-- Opening Marker --
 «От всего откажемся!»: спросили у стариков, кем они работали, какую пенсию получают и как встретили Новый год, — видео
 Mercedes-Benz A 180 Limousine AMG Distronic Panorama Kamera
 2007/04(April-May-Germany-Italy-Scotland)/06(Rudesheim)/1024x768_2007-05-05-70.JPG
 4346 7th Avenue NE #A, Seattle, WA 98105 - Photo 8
-- Closing Marker --
-- Opening Marker --
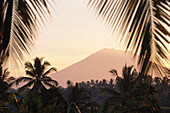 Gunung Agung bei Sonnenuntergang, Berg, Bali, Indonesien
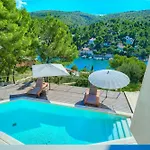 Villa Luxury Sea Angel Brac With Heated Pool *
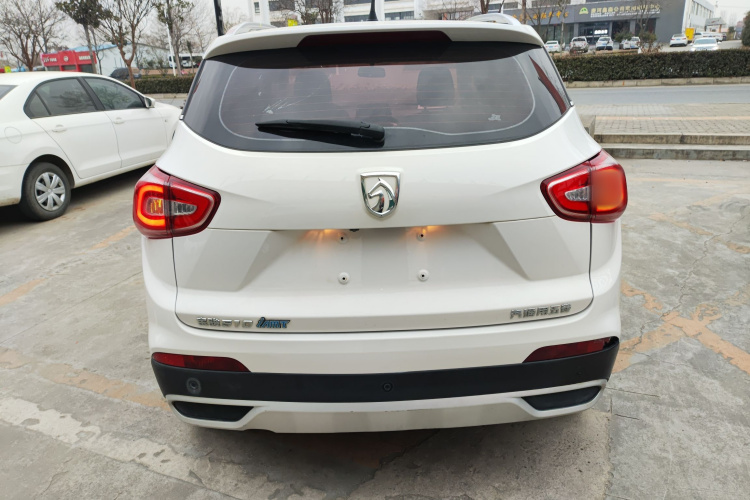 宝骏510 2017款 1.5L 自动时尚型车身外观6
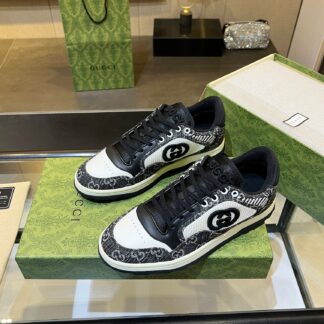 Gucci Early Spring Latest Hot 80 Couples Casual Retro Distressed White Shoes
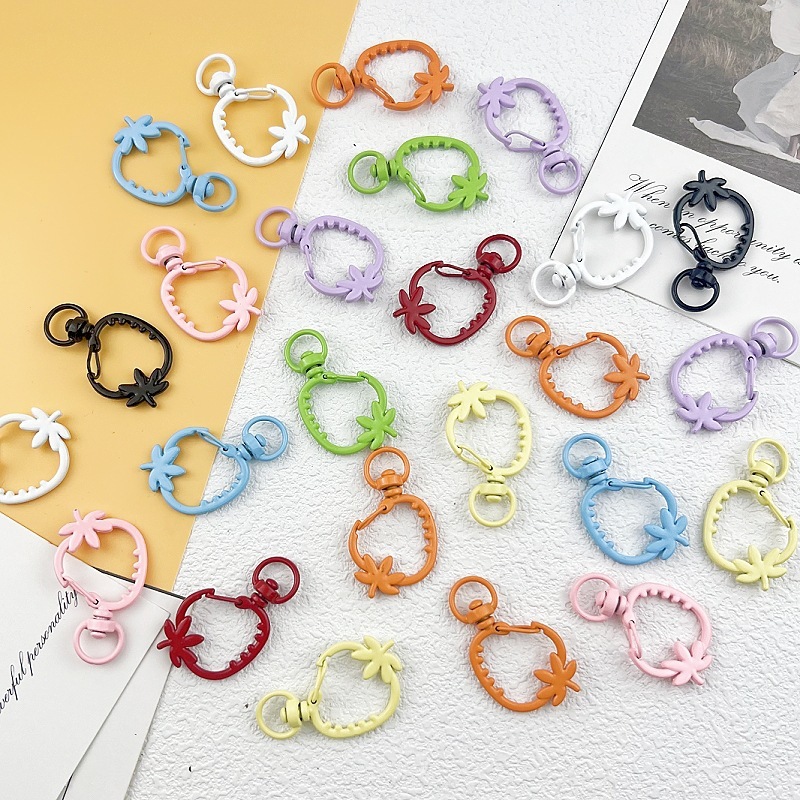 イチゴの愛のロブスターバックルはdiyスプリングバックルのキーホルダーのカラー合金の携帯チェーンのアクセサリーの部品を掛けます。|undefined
-- Closing Marker --
### PROBLEM TO WORK ON
The output is the stretch above from the line with "Gunung Agung bei" through the line with "イチゴの愛のロブスターバック", copied word for word with both ends kept and every picture dropped.

### FINAL ANSWER
 Gunung Agung bei Sonnenuntergang, Berg, Bali, Indonesien
 Villa Luxury Sea Angel Brac With Heated Pool *
 宝骏510 2017款 1.5L 自动时尚型车身外观6
 Gucci Early Spring Latest Hot 80 Couples Casual Retro Distressed White Shoes
 イチゴの愛のロブスターバックルはdiyスプリングバックルのキーホルダーのカラー合金の携帯チェーンのアクセサリーの部品を掛けます。|undefined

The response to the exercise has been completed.